** Opening Data segment block **
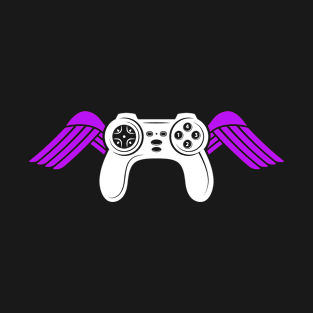 Game Controller With Wings T-Shirt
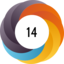 Altmetric score 14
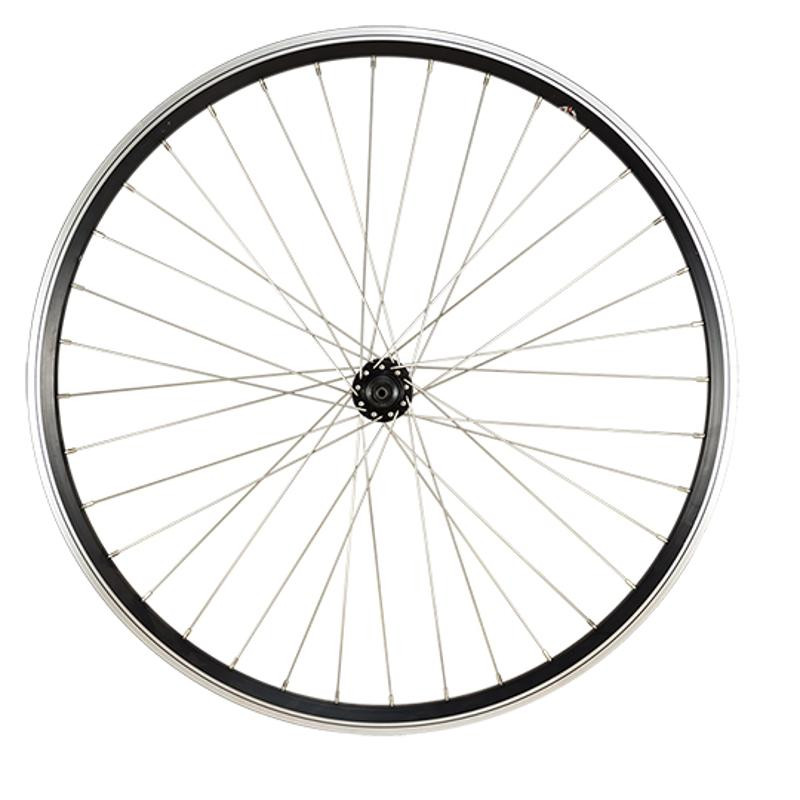 ROUE VTT 26" AV BLOCAGE JANTE NOIR MACH1 ER10 MOY.SHIMANO TX500 V-BRAKE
** Closing Data segment block **
• [Work instructions]:
Reproduce, word for word, the lines from the one containing "Altmetric score 14" to the end of the material, both ends included. No picture is copied.

• [Task response]:
 Altmetric score 14
 ROUE VTT 26" AV BLOCAGE JANTE NOIR MACH1 ER10 MOY.SHIMANO TX500 V-BRAKE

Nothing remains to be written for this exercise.